_What the task asks_
Pull every line with "Foto" from the entries below.

BEGIN Provided material

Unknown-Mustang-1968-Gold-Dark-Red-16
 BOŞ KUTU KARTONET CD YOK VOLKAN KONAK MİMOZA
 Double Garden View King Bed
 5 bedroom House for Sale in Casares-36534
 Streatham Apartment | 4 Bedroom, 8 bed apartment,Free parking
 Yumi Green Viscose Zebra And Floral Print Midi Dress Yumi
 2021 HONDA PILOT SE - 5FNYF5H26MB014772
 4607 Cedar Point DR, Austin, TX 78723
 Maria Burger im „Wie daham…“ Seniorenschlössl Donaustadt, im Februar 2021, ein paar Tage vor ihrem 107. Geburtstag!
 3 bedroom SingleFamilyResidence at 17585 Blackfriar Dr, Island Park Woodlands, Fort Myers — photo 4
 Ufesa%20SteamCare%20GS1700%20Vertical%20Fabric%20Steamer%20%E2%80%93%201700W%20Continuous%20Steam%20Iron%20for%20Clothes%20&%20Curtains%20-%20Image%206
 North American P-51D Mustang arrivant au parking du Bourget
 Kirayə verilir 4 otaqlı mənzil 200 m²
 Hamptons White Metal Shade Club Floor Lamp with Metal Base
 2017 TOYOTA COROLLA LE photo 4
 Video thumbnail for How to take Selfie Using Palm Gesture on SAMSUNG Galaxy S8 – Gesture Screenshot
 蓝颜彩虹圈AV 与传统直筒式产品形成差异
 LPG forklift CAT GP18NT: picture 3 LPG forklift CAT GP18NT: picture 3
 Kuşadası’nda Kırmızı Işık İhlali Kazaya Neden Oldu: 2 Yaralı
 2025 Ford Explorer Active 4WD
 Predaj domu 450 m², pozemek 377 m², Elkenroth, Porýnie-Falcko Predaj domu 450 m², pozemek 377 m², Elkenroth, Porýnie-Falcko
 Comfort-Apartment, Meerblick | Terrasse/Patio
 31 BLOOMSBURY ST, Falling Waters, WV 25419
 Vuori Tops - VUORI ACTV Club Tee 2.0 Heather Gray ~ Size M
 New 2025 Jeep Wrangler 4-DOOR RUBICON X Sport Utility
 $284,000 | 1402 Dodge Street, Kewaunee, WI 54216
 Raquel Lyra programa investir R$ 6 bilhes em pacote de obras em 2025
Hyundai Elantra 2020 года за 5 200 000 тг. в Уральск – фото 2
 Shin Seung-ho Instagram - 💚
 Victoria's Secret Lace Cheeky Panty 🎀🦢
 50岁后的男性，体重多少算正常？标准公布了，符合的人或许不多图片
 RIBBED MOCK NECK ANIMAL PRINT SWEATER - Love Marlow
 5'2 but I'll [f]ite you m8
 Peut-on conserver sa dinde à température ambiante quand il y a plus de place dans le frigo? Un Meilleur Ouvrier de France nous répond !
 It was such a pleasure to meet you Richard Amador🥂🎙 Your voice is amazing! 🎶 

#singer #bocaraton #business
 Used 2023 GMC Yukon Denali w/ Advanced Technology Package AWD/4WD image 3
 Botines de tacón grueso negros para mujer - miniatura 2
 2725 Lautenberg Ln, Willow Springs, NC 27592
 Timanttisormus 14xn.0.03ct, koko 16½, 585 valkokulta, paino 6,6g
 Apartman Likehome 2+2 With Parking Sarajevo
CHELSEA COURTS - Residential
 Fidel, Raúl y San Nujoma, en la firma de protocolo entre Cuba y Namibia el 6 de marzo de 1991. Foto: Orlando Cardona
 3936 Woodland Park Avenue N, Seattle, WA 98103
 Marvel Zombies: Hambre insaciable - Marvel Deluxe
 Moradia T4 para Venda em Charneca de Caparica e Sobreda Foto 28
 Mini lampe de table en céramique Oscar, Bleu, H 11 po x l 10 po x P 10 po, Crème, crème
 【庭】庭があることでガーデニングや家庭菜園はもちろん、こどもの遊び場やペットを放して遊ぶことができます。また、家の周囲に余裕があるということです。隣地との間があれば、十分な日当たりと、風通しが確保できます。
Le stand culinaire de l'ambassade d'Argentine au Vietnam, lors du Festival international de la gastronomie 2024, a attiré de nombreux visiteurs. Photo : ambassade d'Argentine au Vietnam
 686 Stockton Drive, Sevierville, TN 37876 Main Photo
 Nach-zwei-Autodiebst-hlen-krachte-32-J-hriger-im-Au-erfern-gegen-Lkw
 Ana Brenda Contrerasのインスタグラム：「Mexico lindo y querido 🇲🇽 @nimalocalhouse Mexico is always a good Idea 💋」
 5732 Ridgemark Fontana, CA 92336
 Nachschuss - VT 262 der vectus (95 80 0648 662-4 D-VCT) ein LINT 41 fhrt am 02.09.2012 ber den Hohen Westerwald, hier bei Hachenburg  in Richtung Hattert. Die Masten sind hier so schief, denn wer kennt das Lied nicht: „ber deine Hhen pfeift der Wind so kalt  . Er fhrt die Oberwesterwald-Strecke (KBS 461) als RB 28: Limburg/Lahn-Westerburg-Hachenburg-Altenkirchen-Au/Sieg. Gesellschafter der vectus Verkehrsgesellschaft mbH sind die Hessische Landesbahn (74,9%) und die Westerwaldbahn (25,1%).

END Provided material

_Reply to the task_
 Fidel, Raúl y San Nujoma, en la firma de protocolo entre Cuba y Namibia el 6 de marzo de 1991. Foto: Orlando Cardona
 Moradia T4 para Venda em Charneca de Caparica e Sobreda Foto 28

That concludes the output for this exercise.